Parcel A (9354900240, 21 – 10th Avenue South), historically a single family home
199?: Zoning changed from RM 3.6 to BN, but no one can determine why, how, or at whose request.
Oct, 2005: Sold to Dr. David Myaskovsky by Phyllis A. Nelson and Paula Louise Nelson
Jan, 2011: Parcel (together with Parcel B) sold by Dr. David Myaskovsky to Potala Village LLC
Parcel B (9354900220, 1006 Lake Street South), location of Michael’s Dry Cleaning and Bob’s Burgers
1959: Building housing Bob’s Burgers constructed
1999: Transferred by Gregory M. & Mary Kay Lambert to Lambert Living Trust by Quit Claim Deed.
Aug, 2006: Sold by Lambert Living Trust, Seattle, to Dr. David Myaskovsky (shown as then residing at this address). Property appears to be listed as “4″ (Commercial) under “Abstract Use Category.”
2008: Listed as a foreclosure sale by Default Resolution Network, Seattle, with BN Zoning.

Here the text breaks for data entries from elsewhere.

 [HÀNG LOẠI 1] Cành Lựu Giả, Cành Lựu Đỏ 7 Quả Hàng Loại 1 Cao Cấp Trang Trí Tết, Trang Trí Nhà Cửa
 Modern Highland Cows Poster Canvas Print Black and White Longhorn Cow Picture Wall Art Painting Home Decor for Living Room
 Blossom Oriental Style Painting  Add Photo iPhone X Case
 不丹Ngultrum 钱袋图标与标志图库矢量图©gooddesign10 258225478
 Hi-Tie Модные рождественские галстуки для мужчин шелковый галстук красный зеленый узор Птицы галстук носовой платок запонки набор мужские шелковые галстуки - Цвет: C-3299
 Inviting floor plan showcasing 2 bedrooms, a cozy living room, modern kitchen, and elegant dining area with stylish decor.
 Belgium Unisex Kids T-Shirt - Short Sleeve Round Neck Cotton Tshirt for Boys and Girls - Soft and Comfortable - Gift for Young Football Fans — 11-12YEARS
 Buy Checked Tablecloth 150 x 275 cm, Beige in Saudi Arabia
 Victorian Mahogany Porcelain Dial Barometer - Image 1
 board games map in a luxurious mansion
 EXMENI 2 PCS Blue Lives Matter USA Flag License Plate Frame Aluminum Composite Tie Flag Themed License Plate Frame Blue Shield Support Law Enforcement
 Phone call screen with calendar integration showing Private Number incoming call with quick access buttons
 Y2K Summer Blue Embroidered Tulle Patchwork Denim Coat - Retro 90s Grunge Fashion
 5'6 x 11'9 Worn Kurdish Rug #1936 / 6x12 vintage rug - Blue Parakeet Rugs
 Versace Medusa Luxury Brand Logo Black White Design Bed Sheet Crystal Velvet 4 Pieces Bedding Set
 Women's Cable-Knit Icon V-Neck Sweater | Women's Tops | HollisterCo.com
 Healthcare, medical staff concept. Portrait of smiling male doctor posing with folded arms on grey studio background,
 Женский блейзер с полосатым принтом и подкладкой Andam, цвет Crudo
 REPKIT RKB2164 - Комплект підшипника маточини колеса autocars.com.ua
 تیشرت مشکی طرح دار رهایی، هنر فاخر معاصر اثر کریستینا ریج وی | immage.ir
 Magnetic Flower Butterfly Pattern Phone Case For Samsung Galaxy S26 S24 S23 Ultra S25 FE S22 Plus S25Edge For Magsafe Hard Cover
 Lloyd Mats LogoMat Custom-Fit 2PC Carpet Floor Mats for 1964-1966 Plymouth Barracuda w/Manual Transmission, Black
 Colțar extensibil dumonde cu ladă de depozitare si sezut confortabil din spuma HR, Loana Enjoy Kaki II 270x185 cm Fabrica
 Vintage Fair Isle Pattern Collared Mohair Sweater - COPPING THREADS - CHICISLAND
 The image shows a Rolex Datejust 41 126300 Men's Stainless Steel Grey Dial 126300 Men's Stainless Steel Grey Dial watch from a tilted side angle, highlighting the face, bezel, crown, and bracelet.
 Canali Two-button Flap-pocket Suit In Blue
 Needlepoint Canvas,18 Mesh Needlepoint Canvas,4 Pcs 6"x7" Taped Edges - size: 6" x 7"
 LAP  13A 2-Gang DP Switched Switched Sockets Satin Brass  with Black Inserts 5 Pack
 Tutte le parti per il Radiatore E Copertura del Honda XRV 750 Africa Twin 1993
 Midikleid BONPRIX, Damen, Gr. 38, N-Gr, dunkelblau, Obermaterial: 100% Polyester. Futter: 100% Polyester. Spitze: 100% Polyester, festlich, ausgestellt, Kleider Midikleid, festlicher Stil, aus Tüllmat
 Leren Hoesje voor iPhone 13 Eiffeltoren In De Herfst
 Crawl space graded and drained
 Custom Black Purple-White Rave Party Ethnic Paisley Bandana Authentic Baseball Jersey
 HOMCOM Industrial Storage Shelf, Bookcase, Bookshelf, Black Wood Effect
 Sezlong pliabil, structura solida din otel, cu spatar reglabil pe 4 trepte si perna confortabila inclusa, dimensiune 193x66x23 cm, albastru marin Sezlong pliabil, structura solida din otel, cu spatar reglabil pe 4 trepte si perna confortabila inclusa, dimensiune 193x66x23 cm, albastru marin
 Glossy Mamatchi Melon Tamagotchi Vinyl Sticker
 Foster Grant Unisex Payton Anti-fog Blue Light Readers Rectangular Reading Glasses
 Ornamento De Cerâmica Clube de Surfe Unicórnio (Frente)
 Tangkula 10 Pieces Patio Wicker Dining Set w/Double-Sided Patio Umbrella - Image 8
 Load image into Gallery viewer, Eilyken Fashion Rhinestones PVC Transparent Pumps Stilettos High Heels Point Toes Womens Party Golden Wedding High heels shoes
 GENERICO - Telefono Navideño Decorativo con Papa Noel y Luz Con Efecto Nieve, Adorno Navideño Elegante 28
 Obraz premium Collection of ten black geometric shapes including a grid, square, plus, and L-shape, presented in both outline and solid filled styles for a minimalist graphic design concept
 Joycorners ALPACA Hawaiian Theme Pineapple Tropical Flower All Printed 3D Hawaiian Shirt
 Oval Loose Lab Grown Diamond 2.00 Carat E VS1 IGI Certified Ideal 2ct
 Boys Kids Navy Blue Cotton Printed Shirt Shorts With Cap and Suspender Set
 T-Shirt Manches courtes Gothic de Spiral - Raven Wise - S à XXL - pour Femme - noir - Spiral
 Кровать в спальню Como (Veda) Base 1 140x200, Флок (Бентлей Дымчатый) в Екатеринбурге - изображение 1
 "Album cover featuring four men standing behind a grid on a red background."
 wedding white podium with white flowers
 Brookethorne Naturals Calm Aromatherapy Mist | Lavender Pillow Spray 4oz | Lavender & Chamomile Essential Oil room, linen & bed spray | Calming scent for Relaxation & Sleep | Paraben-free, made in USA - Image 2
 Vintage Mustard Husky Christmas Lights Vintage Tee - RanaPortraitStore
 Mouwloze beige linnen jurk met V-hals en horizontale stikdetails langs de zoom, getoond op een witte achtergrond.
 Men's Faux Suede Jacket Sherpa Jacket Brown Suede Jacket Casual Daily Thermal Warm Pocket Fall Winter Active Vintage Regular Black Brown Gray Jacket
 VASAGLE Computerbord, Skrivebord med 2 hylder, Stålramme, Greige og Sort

Nov,2010: Assessor’s Office lists property as “Commercial” (“C”) with “Highest and Best Use” of “Retail/Wholesale.”
Jan, 2011: Parcel (together with Parcel A) sold by Dr. David Myaskovsky to Potala Village LLC
Parcel C (0825059233, 6700 Lake Washington Boulevard), known until recently as the “Kiwanis Christmas Tree Lot”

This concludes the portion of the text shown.